Job 10:7
Sobre saber tú que no soy impío, y que no hay quien de tu mano libre?
Referencia cruzada
En Job 10:15, Job continúa su lamento: aunque inocente, no puede alzar la cabeza—el mismo dilema que en 10:7: afirmar inocencia pese al sufrimiento.
Job 42:7 registra la vindicación de Dios a Job, confirmando que habló rectamente—cumple la afirmación de inocencia de Job en 10:7.
Job 23:10 afirma que Dios conoce el camino de Job y lo refinará como oro, reforzando su inocencia y confianza en la prueba.
Job 23:13 repite que la voluntad de Dios es inmutable y nadie puede hacerle cambiar, reforzando la declaración de Job sobre el poder soberano de Dios.
En Job 23:14, Job reconoce el propósito designado por Dios para él, coincidiendo con la idea de que nadie puede librar de la mano de Dios.
Job 31:6 pide a Dios que lo pese en balanza justa—un llamado directo al conocimiento divino de su integridad, eco de 10:7.
Job 31:35 exige una audiencia con Dios y presenta su firma—expresa el mismo deseo de vindicación y confianza en su inocencia.
Job 9:29 cuestiona la futilidad de la inocencia cuando Dios condena, profundizando la tensión que Job expresa al afirmar su inocencia a pesar del sufrimiento.
En Job 11:4, Zofar cita la afirmación de Job de pureza y limpieza, eco directo de la aseveración de inocencia en 10:7.
En Job 13:15, Job resuelve defender sus caminos ante Dios, reforzando su postura de inocencia de 10:7 incluso frente a la muerte.
En Job 32:1, el narrador nota que Job se consideraba justo, resumiendo la misma afirmación de inocencia que en 10:7.
En Job 5:4, Elifaz dice que los hijos del malvado no tienen libertador, contraste con la afirmación de inocencia de Job mientras enfrenta la falta de liberación.
Deuteronomio 32:39 es la fuente directa de la frase 'nadie puede librar de mi mano', que Job aplica al poder soberano de Dios.
Salmos 7:8 apela a Dios para que juzgue según la integridad personal, eco de la afirmación de inocencia de Job ante el Juez divino.
Salmos 17:3 afirma que el escrutinio de Dios no halla maldad, en paralelo directo con la aseveración de Job de que Dios sabe que no es culpable.
Salmos 26:1-5 invita a la prueba divina basada en la integridad, reflejando el llamado de Job al conocimiento de Dios de su inocencia.
Salmos 139:1 afirma el escrutinio y conocimiento profundo de Dios sobre la persona, respaldando la confianza de Job en que Dios conoce su inocencia.

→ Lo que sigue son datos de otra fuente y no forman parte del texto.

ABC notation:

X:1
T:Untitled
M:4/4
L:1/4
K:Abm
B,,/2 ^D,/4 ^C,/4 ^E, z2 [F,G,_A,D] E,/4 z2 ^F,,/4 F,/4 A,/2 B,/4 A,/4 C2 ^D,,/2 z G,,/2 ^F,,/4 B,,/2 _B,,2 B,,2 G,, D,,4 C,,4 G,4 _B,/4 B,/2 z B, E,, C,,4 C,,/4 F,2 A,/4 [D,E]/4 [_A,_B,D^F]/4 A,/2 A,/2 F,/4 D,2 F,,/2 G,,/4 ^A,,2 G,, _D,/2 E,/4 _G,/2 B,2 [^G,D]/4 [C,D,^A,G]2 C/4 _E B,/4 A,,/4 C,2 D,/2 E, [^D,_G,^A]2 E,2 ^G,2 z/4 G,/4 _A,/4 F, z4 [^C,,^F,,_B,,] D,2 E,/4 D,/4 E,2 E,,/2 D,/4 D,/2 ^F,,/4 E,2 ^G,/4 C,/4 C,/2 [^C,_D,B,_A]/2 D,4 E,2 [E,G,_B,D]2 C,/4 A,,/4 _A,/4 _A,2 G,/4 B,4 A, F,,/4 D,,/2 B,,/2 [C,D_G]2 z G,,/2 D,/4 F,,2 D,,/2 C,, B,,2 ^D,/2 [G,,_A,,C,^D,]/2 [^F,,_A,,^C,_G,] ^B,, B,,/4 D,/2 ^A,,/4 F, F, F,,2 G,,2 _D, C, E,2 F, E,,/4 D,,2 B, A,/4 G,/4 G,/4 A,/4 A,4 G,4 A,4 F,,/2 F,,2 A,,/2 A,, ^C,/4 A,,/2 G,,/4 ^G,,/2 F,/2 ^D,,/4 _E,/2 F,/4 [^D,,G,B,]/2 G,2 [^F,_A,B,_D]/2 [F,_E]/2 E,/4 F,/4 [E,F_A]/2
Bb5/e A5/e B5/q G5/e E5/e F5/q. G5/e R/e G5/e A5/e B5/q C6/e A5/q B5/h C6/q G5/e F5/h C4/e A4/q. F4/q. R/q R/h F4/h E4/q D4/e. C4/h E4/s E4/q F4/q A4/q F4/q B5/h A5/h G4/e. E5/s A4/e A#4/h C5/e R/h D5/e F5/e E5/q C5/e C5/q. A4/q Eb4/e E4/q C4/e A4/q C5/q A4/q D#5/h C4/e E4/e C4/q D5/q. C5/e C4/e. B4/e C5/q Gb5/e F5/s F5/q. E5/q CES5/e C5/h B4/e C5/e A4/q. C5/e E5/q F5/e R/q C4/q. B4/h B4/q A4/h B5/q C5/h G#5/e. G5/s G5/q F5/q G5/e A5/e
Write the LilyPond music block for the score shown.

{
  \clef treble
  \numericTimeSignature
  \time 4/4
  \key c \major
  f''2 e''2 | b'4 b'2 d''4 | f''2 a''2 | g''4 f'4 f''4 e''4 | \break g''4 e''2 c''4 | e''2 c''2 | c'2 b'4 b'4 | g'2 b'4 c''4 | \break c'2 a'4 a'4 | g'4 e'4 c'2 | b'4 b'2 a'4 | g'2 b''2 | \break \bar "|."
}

Salmos 139:2 expande el conocimiento íntimo de Dios, incluyendo pensamientos, apoyando la afirmación de Job de que Dios conoce su verdadero estado.
Daniel 3:15 contrasta la arrogancia humana—Nabucodonosor se jacta de que ningún dios puede librar—con la confesión de Job de que solo Dios puede hacerlo.

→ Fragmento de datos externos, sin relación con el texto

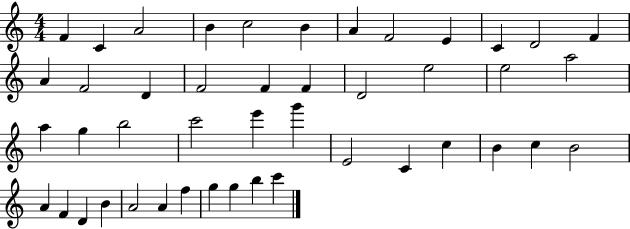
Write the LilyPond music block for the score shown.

{
  \clef treble
  \numericTimeSignature
  \time 4/4
  \key c \major
  f'4 c'4 a'2 | b'4 c''2 b'4 | a'4 f'2 e'4 | c'4 d'2 f'4 | \break a'4 f'2 d'4 | f'2 f'4 f'4 | d'2 e''2 | e''2 a''2 | \break a''4 g''4 b''2 | c'''2 e'''4 g'''4 | e'2 c'4 c''4 | b'4 c''4 b'2 | \break a'4 f'4 d'4 b'4 | a'2 a'4 f''4 | g''4 g''4 b''4 c'''4 | \bar "|."
} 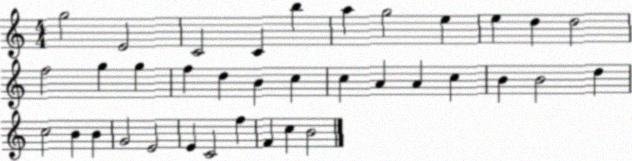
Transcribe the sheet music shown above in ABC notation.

X:1
T:Untitled
M:4/4
L:1/4
K:C
g2 E2 C2 C b a g2 e e d d2 f2 g g f d B c c A A c B B2 d c2 B B G2 E2 E C2 f F c B2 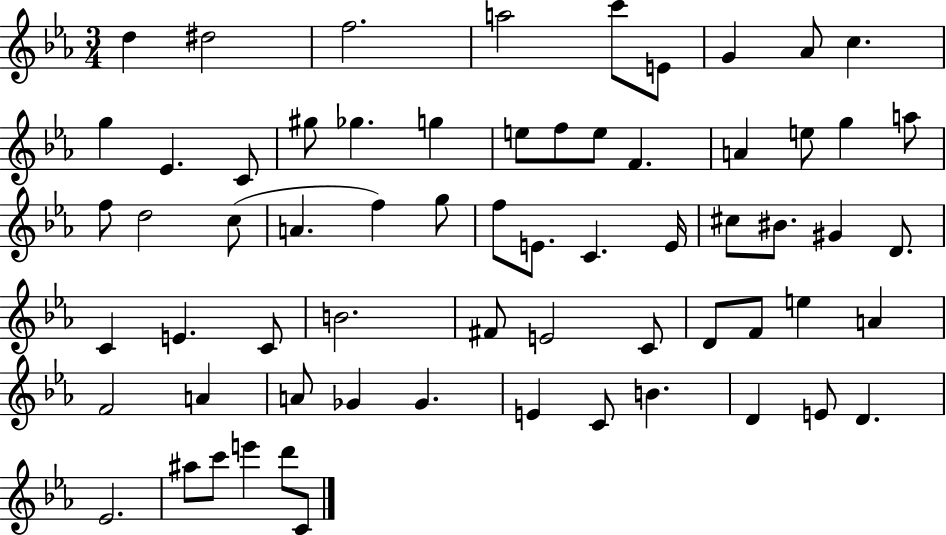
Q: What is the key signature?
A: EES major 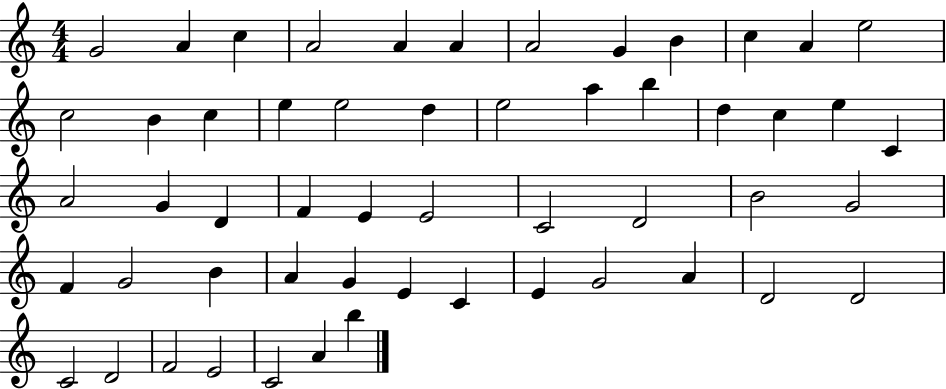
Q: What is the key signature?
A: C major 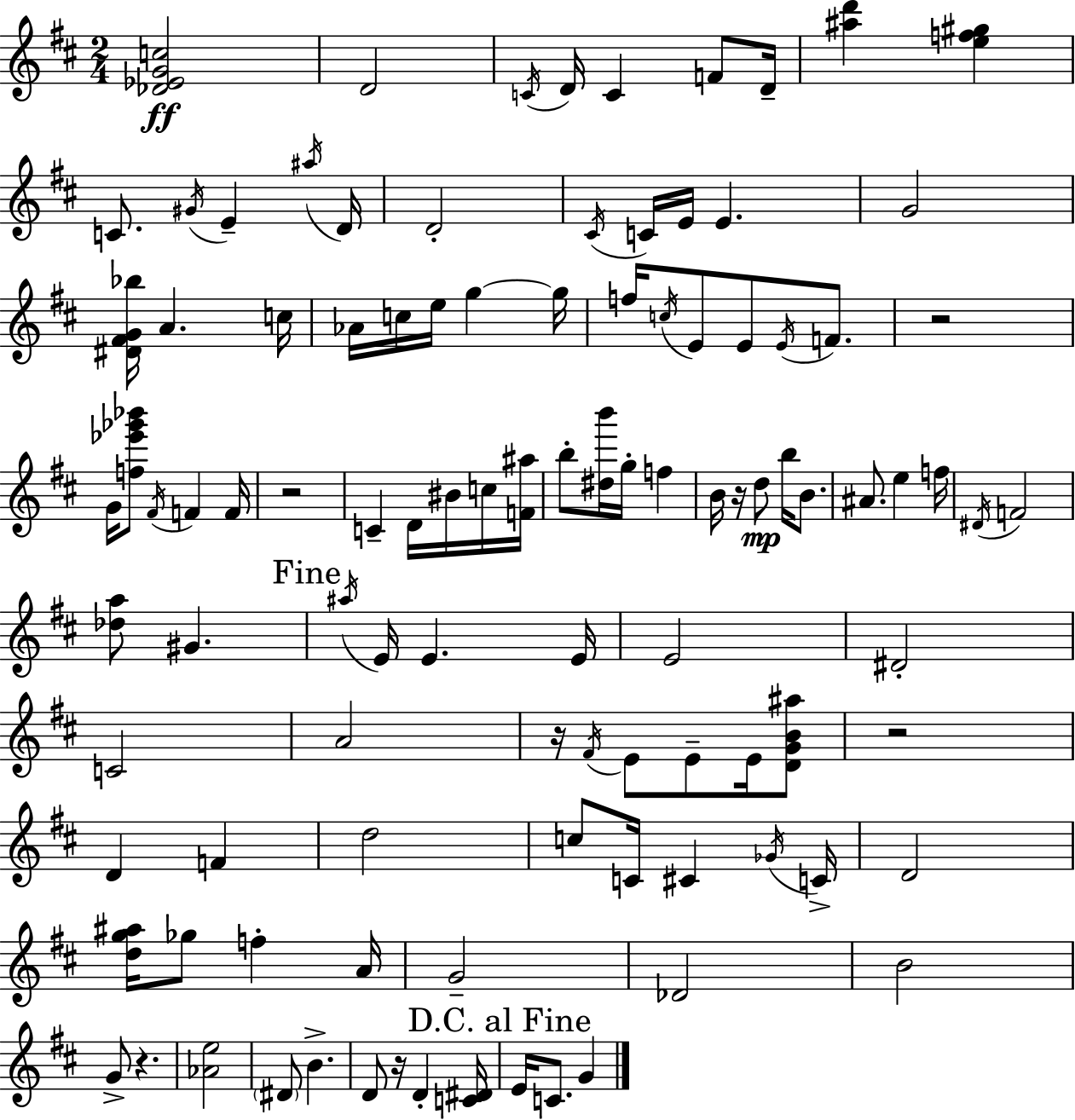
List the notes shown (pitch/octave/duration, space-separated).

[Db4,Eb4,G4,C5]/h D4/h C4/s D4/s C4/q F4/e D4/s [A#5,D6]/q [E5,F5,G#5]/q C4/e. G#4/s E4/q A#5/s D4/s D4/h C#4/s C4/s E4/s E4/q. G4/h [D#4,F#4,G4,Bb5]/s A4/q. C5/s Ab4/s C5/s E5/s G5/q G5/s F5/s C5/s E4/e E4/e E4/s F4/e. R/h G4/s [F5,Eb6,Gb6,Bb6]/e F#4/s F4/q F4/s R/h C4/q D4/s BIS4/s C5/s [F4,A#5]/s B5/e [D#5,B6]/s G5/s F5/q B4/s R/s D5/e B5/s B4/e. A#4/e. E5/q F5/s D#4/s F4/h [Db5,A5]/e G#4/q. A#5/s E4/s E4/q. E4/s E4/h D#4/h C4/h A4/h R/s F#4/s E4/e E4/e E4/s [D4,G4,B4,A#5]/e R/h D4/q F4/q D5/h C5/e C4/s C#4/q Gb4/s C4/s D4/h [D5,G5,A#5]/s Gb5/e F5/q A4/s G4/h Db4/h B4/h G4/e R/q. [Ab4,E5]/h D#4/e B4/q. D4/e R/s D4/q [C4,D#4]/s E4/s C4/e. G4/q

Oseas 2:10 usa la frase idéntica 'nadie librará de mi mano' para declarar el juicio de Dios, en paralelo al reconocimiento de Job del poder divino.
Juan 10:28-30 promete seguridad eterna en la mano de Jesús, eco de la imagen de la mano de Dios de la cual nadie puede librar—ahora aplicada a la salvación.

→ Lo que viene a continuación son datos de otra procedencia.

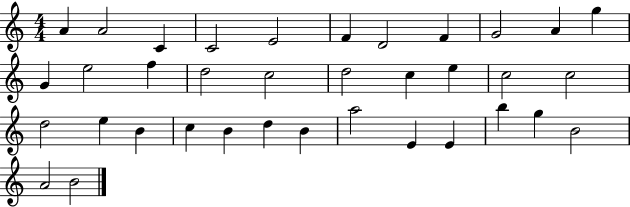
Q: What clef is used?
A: treble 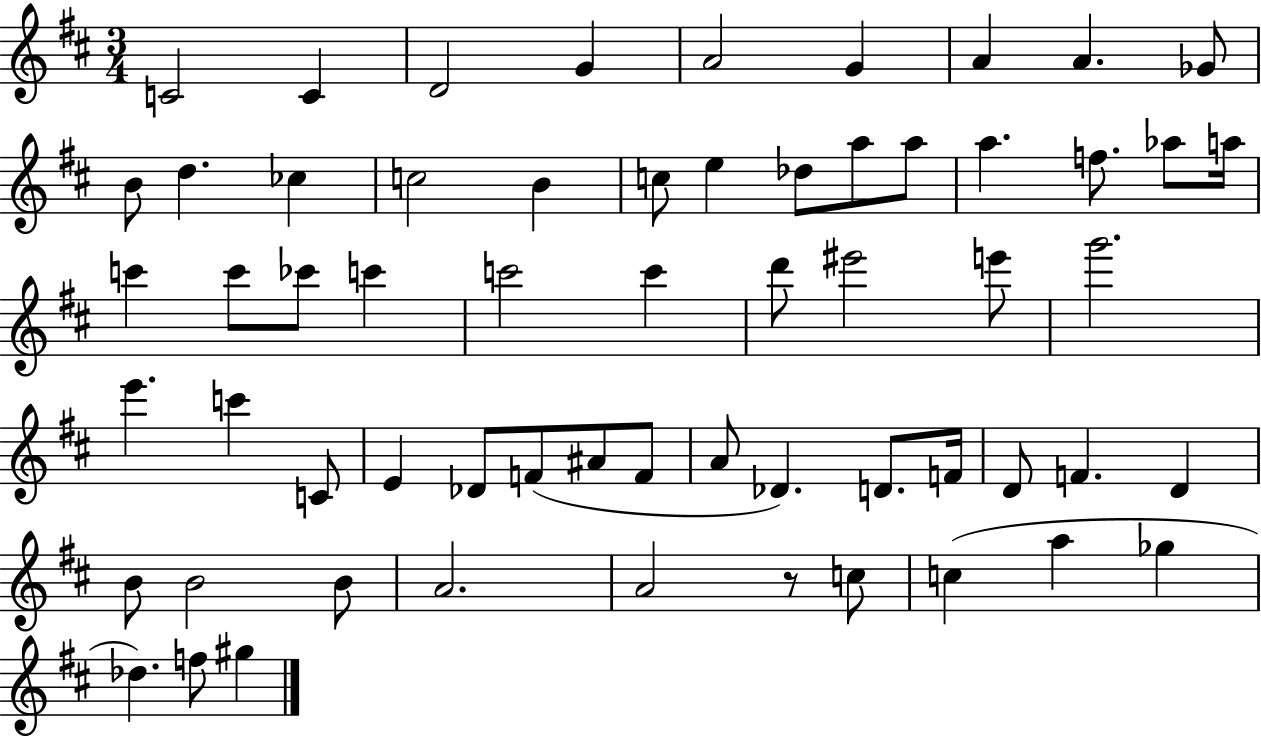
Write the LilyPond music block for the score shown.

Juan 21:17 muestra a Pedro apelando a la omnisciencia de Jesús para afirmar su amor, en paralelo al llamado de Job al conocimiento divino de su inocencia.
2 Corintios 1:12 se jacta de una conciencia limpia ante Dios, eco de la confianza de Job en el testimonio divino de su integridad.
1 Tesalonicenses 2:10 invoca a Dios como testigo de una conducta irreprochable, similar a la afirmación de Job de que Dios sabe que no es culpable.
Salmos 7:3 muestra a David protestando su inocencia ante Dios—refleja la protesta de Job, ambos apelando a una conciencia limpia.